-- ACTIVITY --
Could you print the stretch of lines below from the one with "Cavo Dati Otg" through the one with "BASICS SLIM FIT FIL A FIL SHIRT", exactly as they stand and without any pictures?

-- DATA FOR THIS EXERCISE --
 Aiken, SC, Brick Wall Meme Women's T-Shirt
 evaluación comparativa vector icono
==
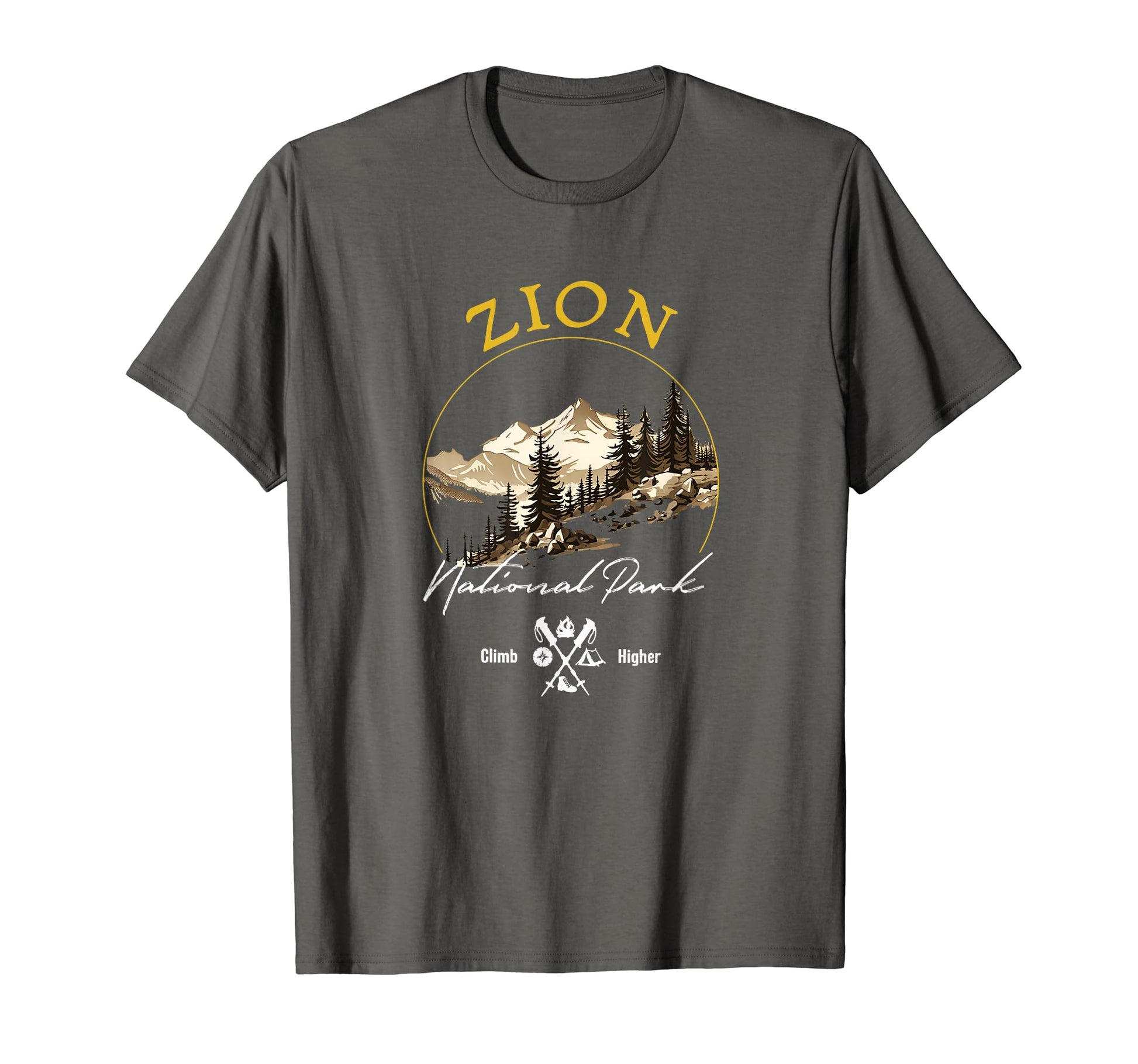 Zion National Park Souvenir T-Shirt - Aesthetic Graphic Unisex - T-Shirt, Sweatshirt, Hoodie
--
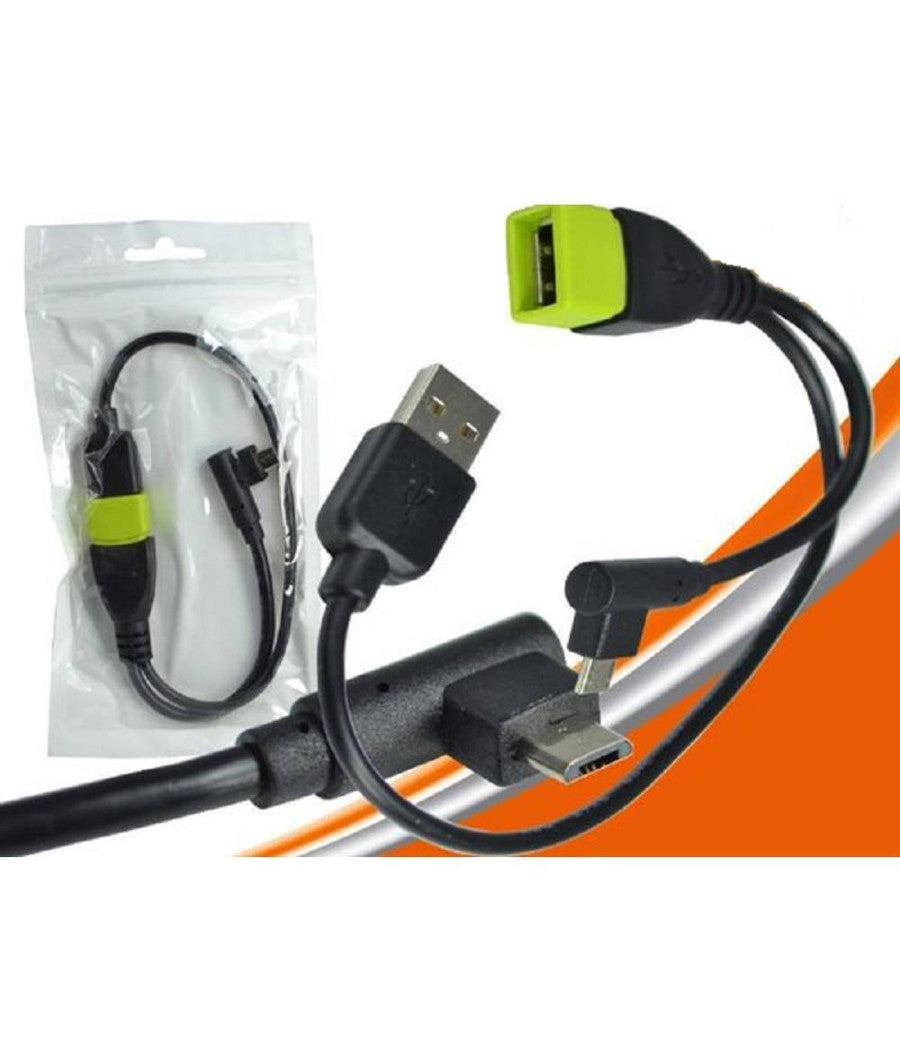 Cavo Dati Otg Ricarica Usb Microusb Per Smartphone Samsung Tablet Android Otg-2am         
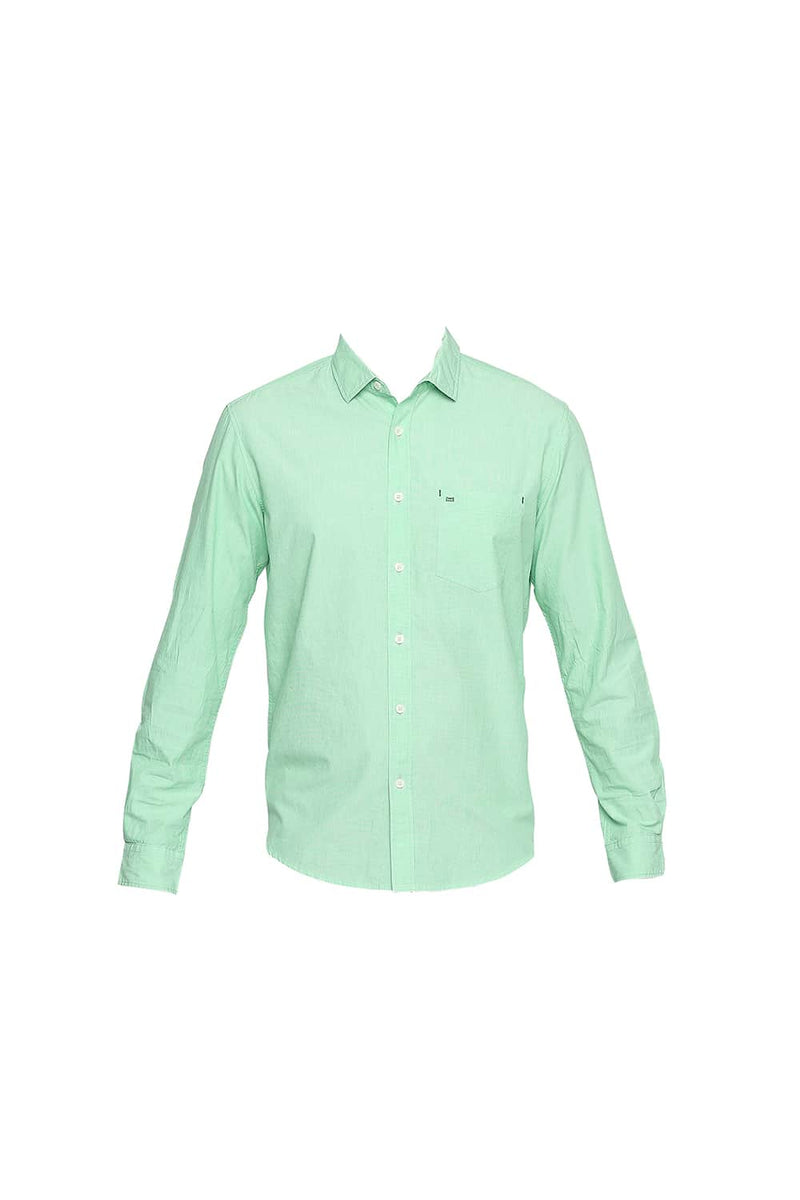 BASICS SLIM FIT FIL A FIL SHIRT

-- ANSWER AREA --
 Cavo Dati Otg Ricarica Usb Microusb Per Smartphone Samsung Tablet Android Otg-2am         
 BASICS SLIM FIT FIL A FIL SHIRT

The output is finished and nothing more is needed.